(Extracted data entries)

####

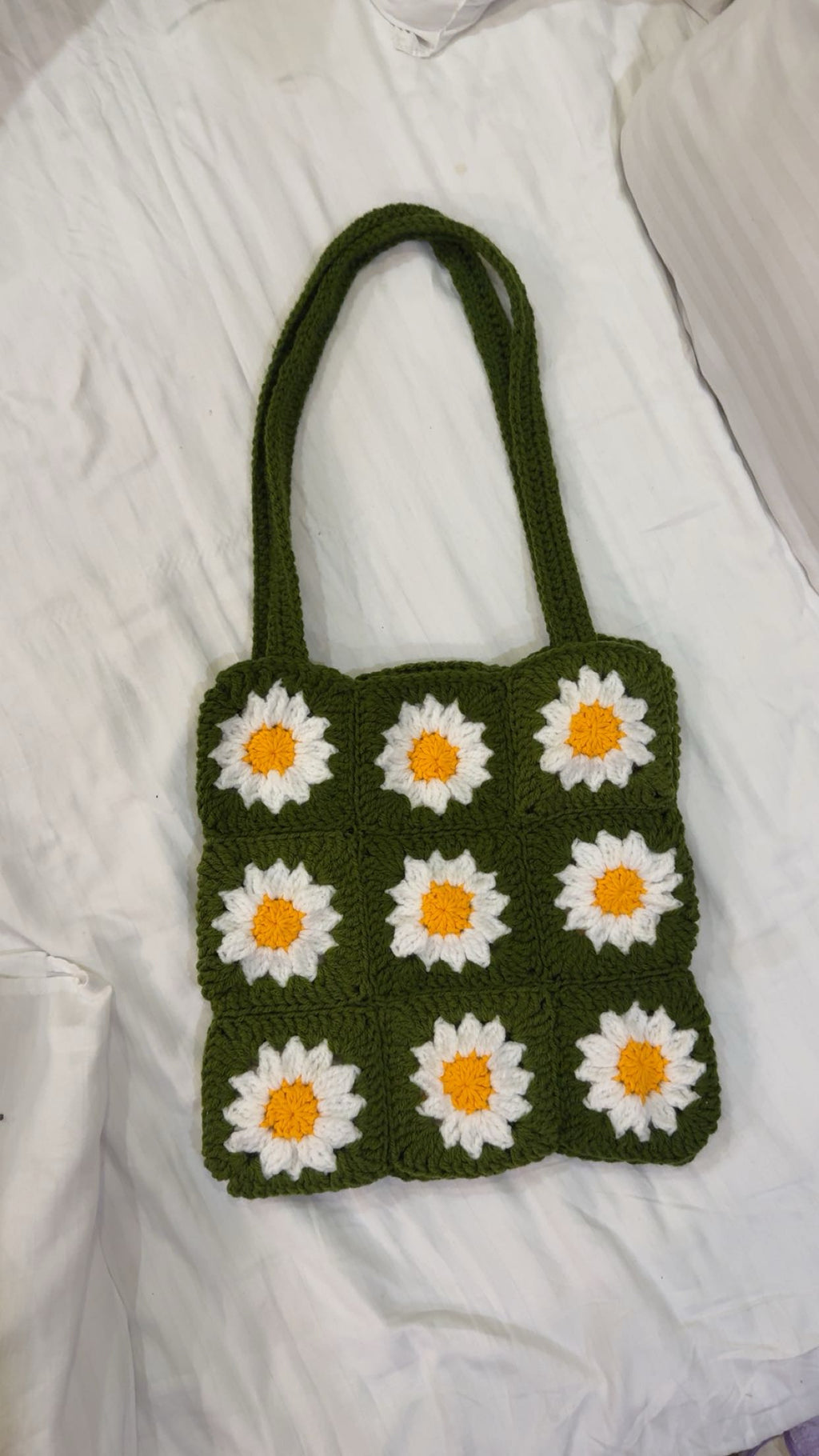 Handmade Crochet Daisy Tote Bag – Green Granny Square Purse
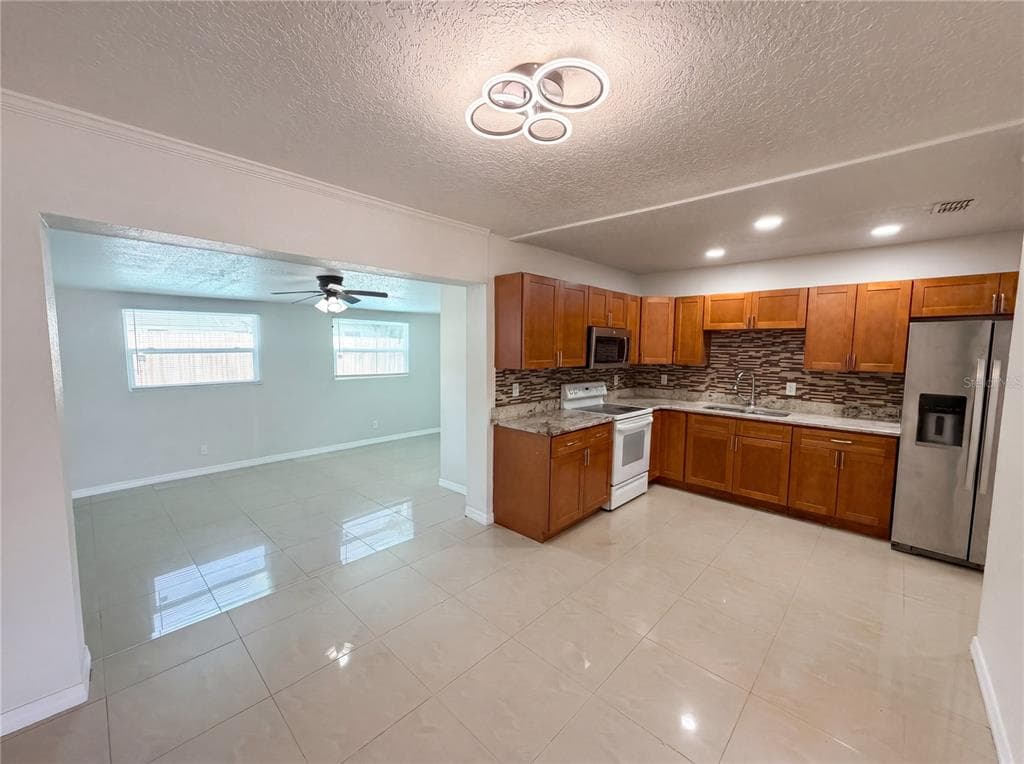 15525 BEDFORD CIRCLE E, CLEARWATER, FL 33764 — zdjęcie 2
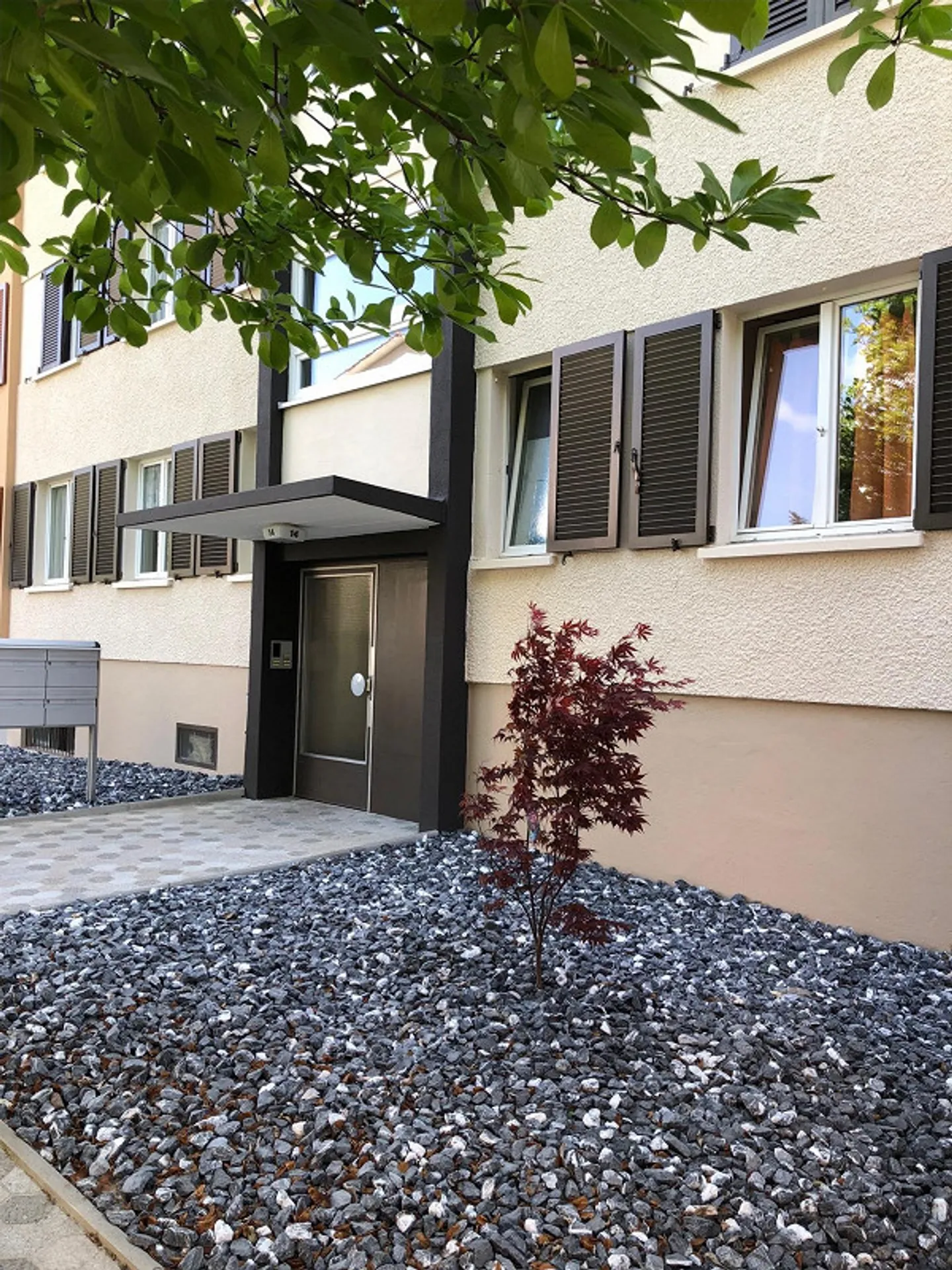 Appartamento ristrutturato con 3 stanze in posizione centrale vicino ai mezzi pubblici! - Foto 2 di 7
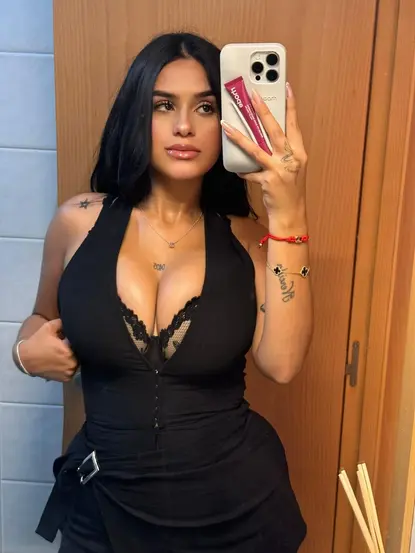 Venus , Sagrada Familia escort Colombian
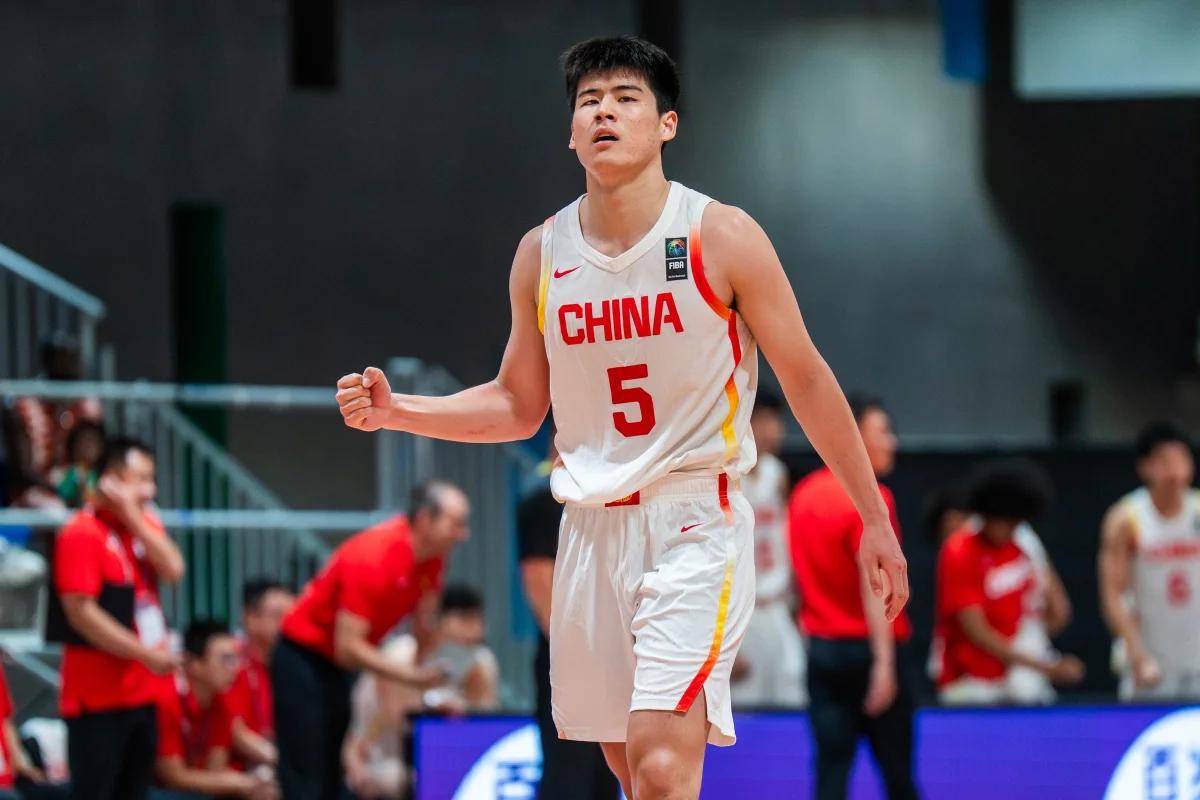 U19男籃球世界杯- 陳·齊（Chen Jiazheng）得分25分 中國(guó)贏(yíng)得了喀麥隆 排名第13位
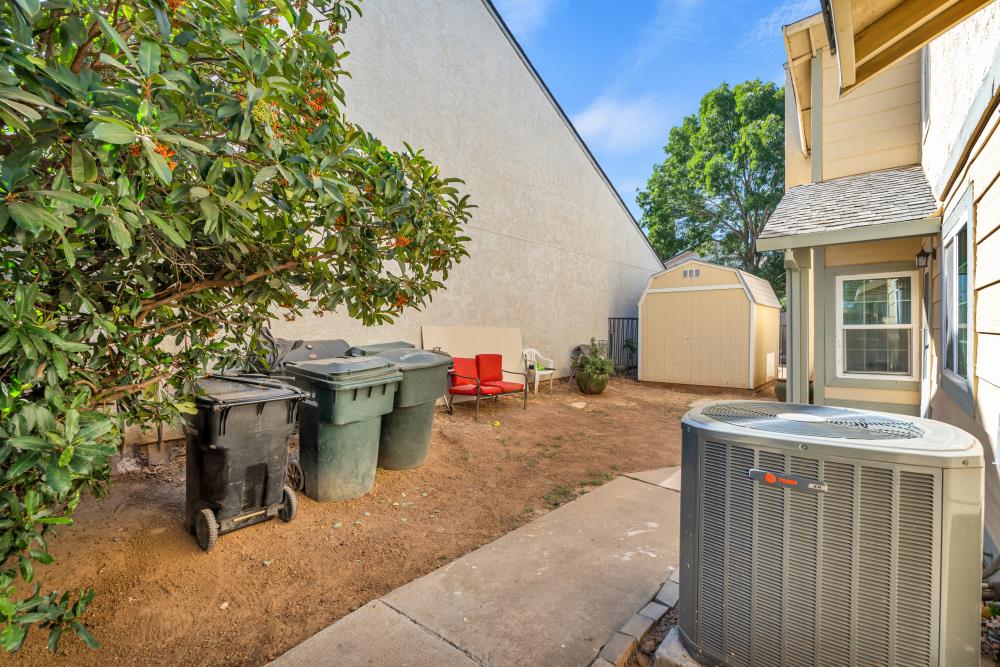 Detail Gallery Image 4 of 38 For 7631 Conklin Ct, Antelope,  CA 95843 - 3 Beds | 2 Baths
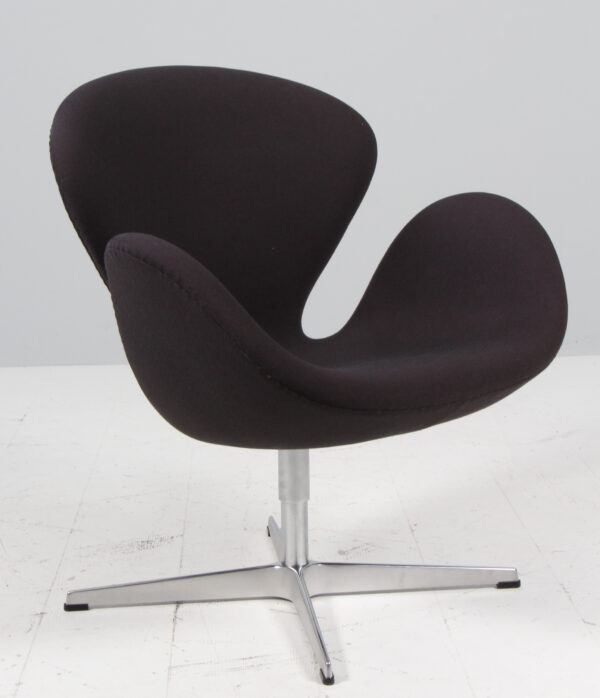 Arne Jacobsen. Svanen. Lænestol, model 3320. Brown label, original betrukket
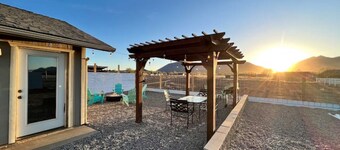 Mountain View Villa - King bedroom with Firepit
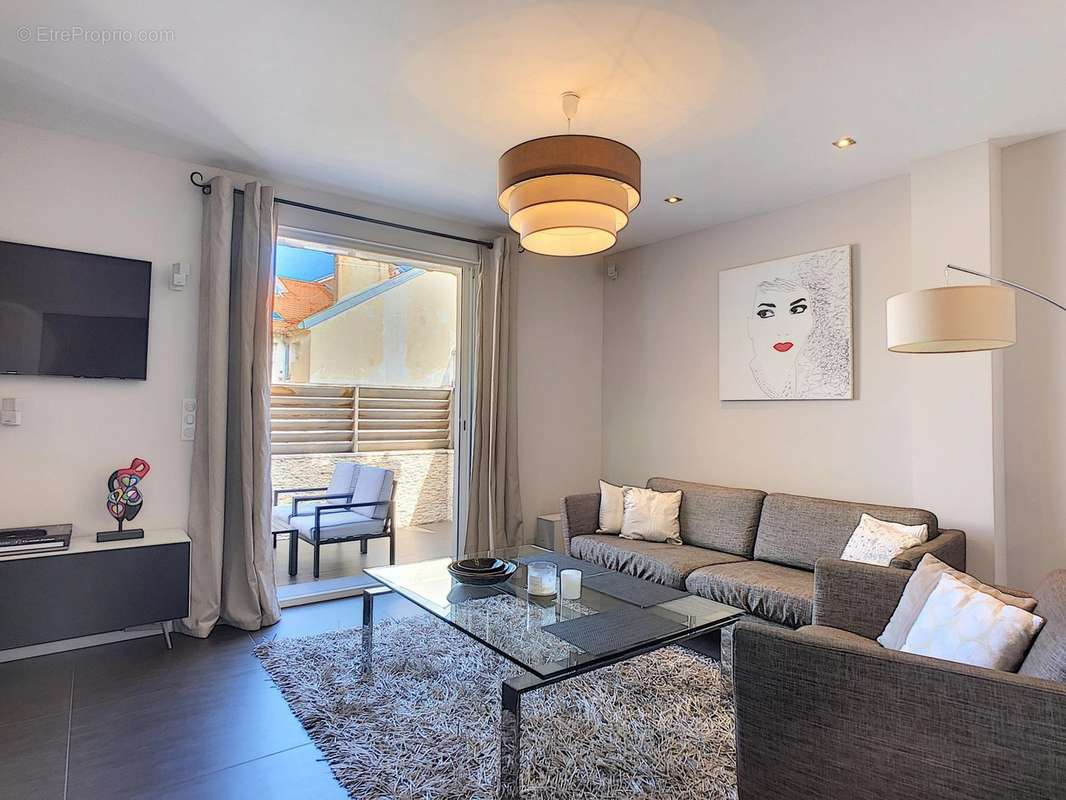 Appartement à CANNES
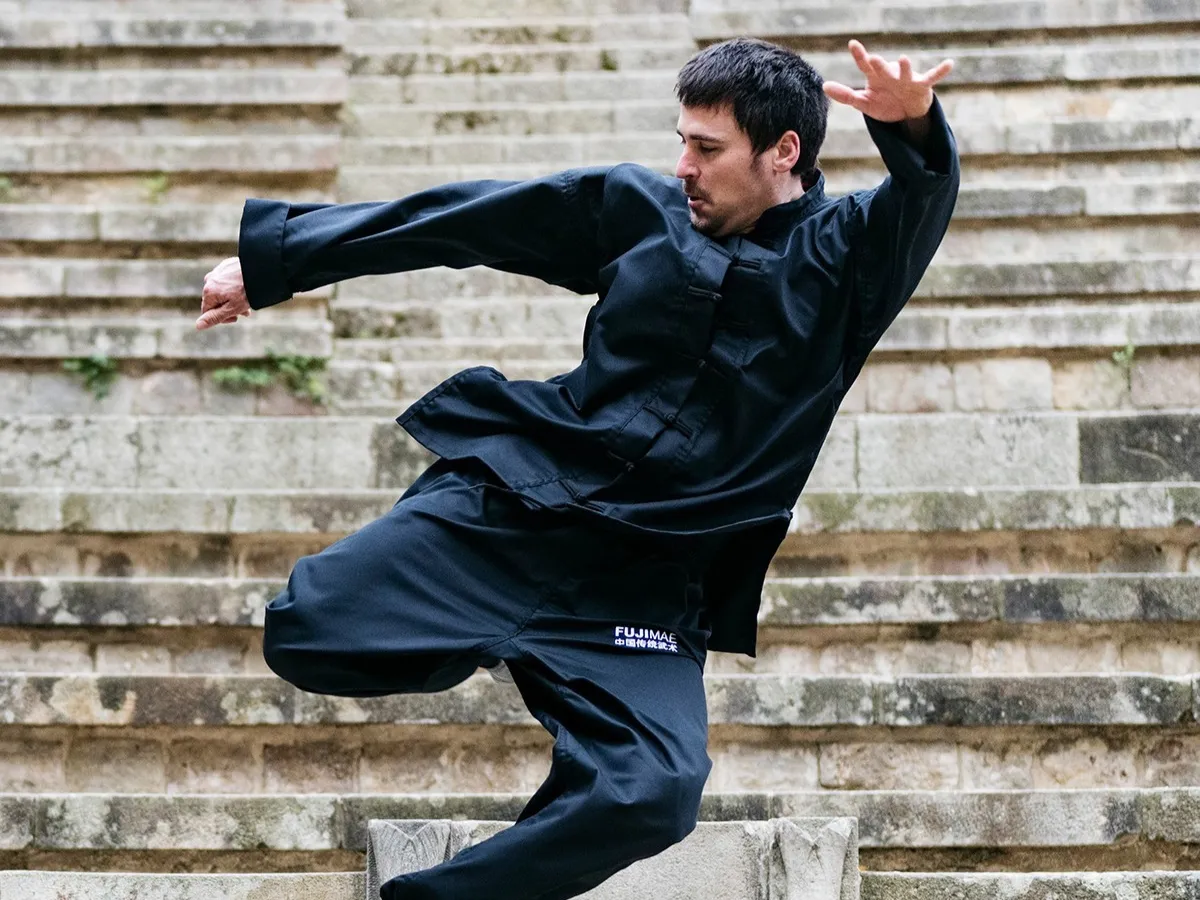 Stroje kung fu: rodzaje, kroje i materiały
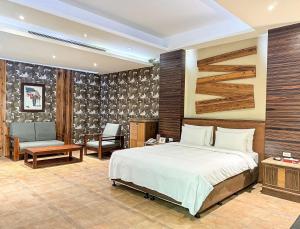 a bedroom with a bed and a desk and a chair at All-Ur Boutique Motel -Chia Yi Branch in Chiayi City
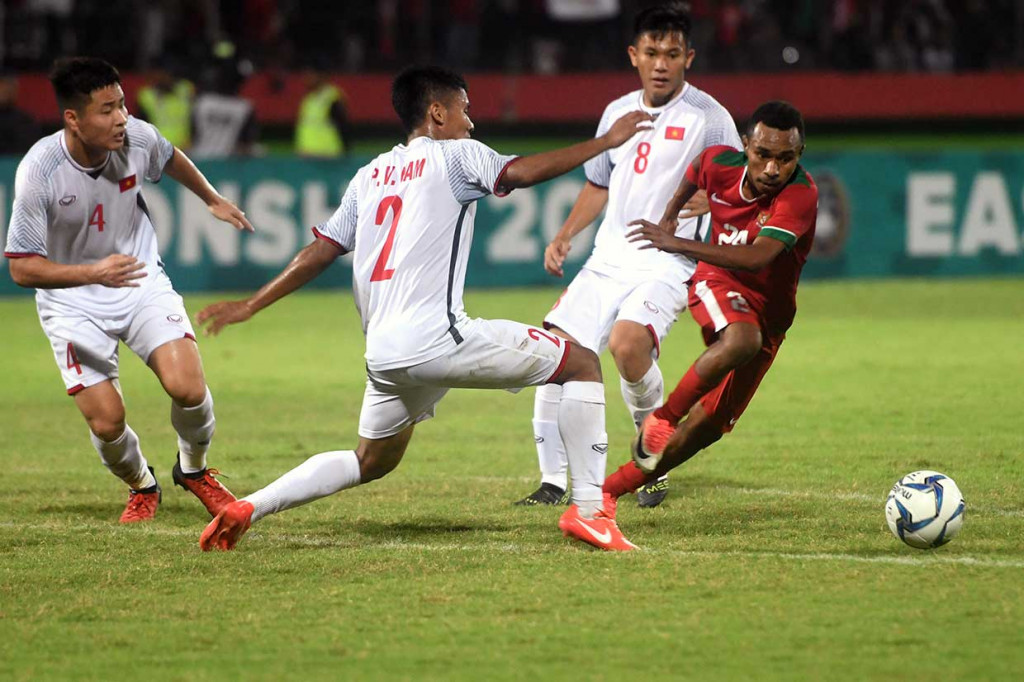 Sebelumnya, masuknya Todd Rivaldo Albert Ferre menggantikan Muhammad Luthfi Kamal di babak kedua menambah daya gedor permainan Garuda Muda. Pemain Persipura tersebut beberapa kali merepotkan pertahanan lawan.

####

*Work order:*
Exclude all pictures and reproduce verbatim the lines running from the line that contains "15525 BEDFORD CIRCLE" to the end of the data above, both ends included.

*Solution to this problem:*
 15525 BEDFORD CIRCLE E, CLEARWATER, FL 33764 — zdjęcie 2
 Appartamento ristrutturato con 3 stanze in posizione centrale vicino ai mezzi pubblici! - Foto 2 di 7
 Venus , Sagrada Familia escort Colombian
 U19男籃球世界杯- 陳·齊（Chen Jiazheng）得分25分 中國(guó)贏(yíng)得了喀麥隆 排名第13位
 Detail Gallery Image 4 of 38 For 7631 Conklin Ct, Antelope,  CA 95843 - 3 Beds | 2 Baths
 Arne Jacobsen. Svanen. Lænestol, model 3320. Brown label, original betrukket
 Mountain View Villa - King bedroom with Firepit
 Appartement à CANNES
 Stroje kung fu: rodzaje, kroje i materiały
 a bedroom with a bed and a desk and a chair at All-Ur Boutique Motel -Chia Yi Branch in Chiayi City
 Sebelumnya, masuknya Todd Rivaldo Albert Ferre menggantikan Muhammad Luthfi Kamal di babak kedua menambah daya gedor permainan Garuda Muda. Pemain Persipura tersebut beberapa kali merepotkan pertahanan lawan.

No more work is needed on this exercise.